Mick Mulvaney says he's legally barred from shutting down the Consumer Financial Protection Bureau, a regulator he once called a "sick" joke.
But the agency's acting director could move dozens of employees to the basement of its Washington headquarters. And he might try to relocate other staff members to Dallas.
Such options are being proposed by his top aides as Mulvaney seeks to cut spending at the Republican-loathed watchdog by tens of millions of dollars, according to an internal cost-savings analysis that was obtained by Bloomberg News. Another budget-trimming idea: making employees share desks.
"All options are on the table as we work to make the bureau more efficient and effective," said John Czwartacki, the CFPB's chief communications officer. He said he wasn't certain whether Mulvaney had reviewed the recommendations and that no final decisions have been made.
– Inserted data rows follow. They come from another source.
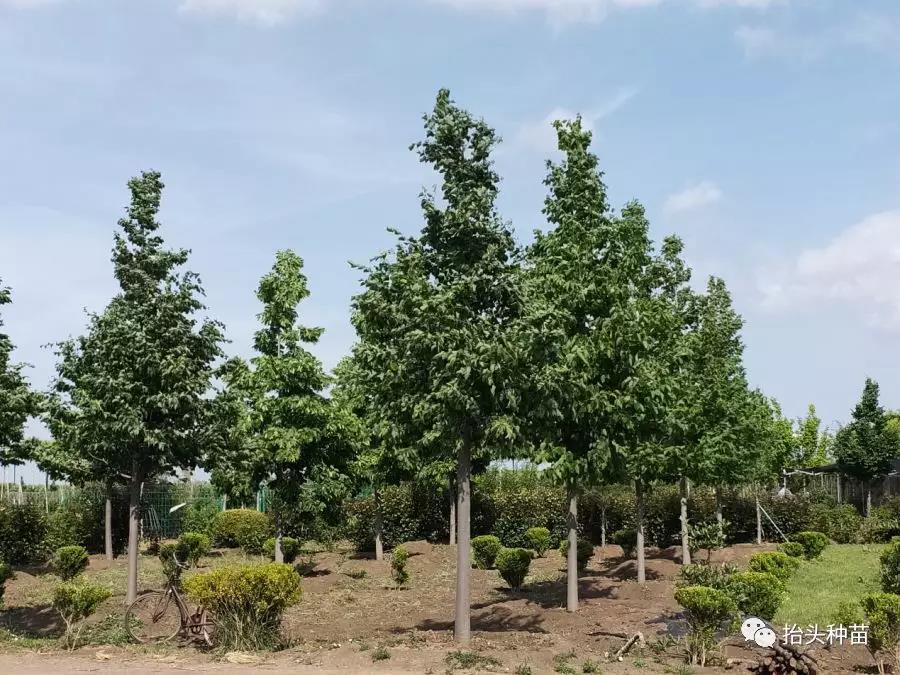 北京林木种苗产业协会来抬头园林参观交流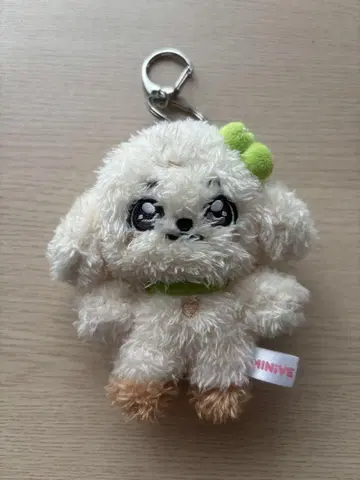 IVE minive 유진 미니브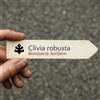 World Plants Clivia robusta | 100 SEEDS - - SEMI Clivia | Giglio del cespuglio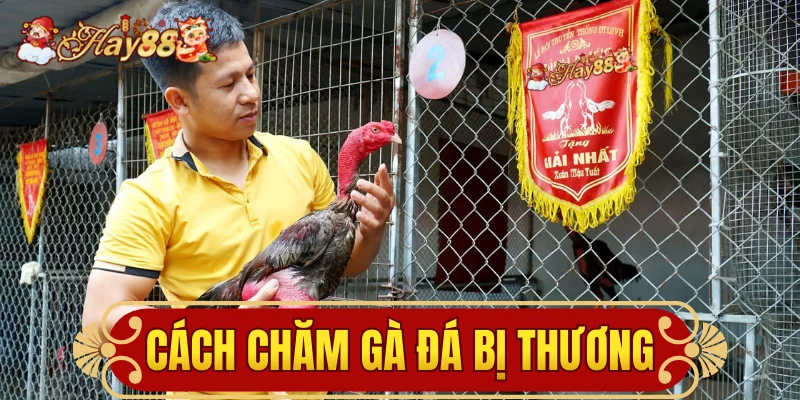 Cách chăm gà đá bị thương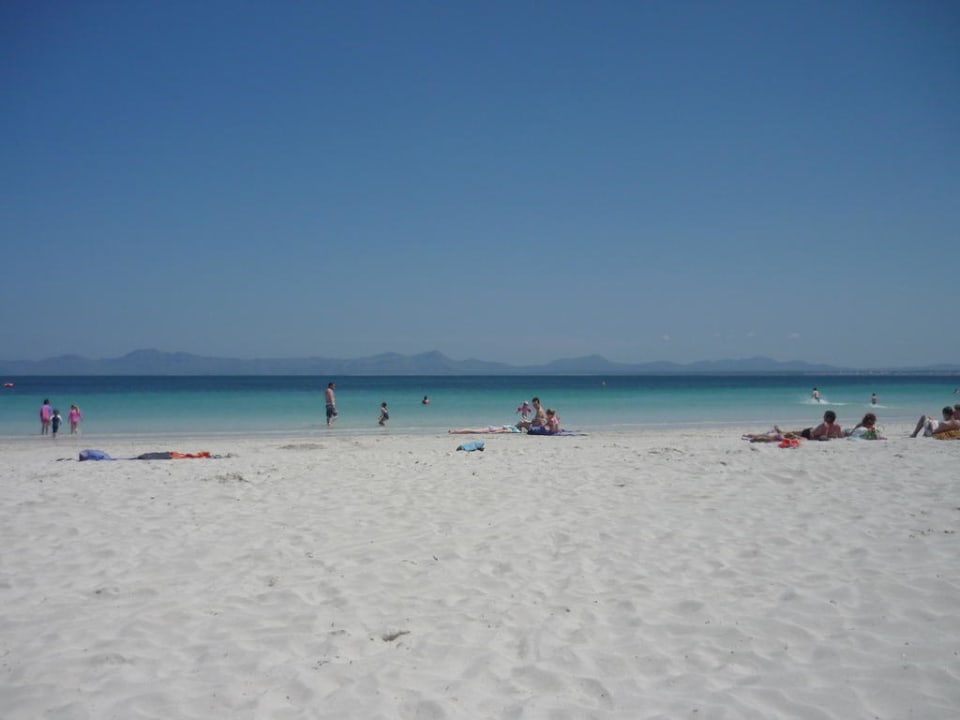 Der wunderschöne Strand von Alcudia BQ Delfin Azul Hotel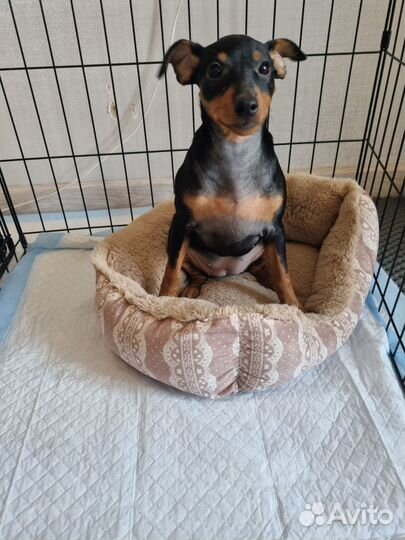 Цвергпинчер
So employees will be forced into the basement, or sharing their desk with co-workers, or moving to Texas. It's the Office Space and Brazil style of employee management. He's already moved to zero out the CFBP's budget, requesting exactly $0 from the Fed in January for the second quarter of this year. If he put 70 people in the basement, they think they can save $16.6 million. Making them work from home could save $18.3, the same savings as making employees share desks.
It sure looks like what they're really doing is figuring out how to shit-can as many employees as possible. Because other than the teleworking from home option, these are horrible, horrible ideas for an agency that is reportedly already having morale issues. Mulvaney's days at the agency should be numbered. As the acting director, Mulvaney is supposed to be out after 210 days, which would be June 22. But Trump and Mulvaney can drag that out into 2019. That’s plenty of time for Mulvaney to drive all the employees away.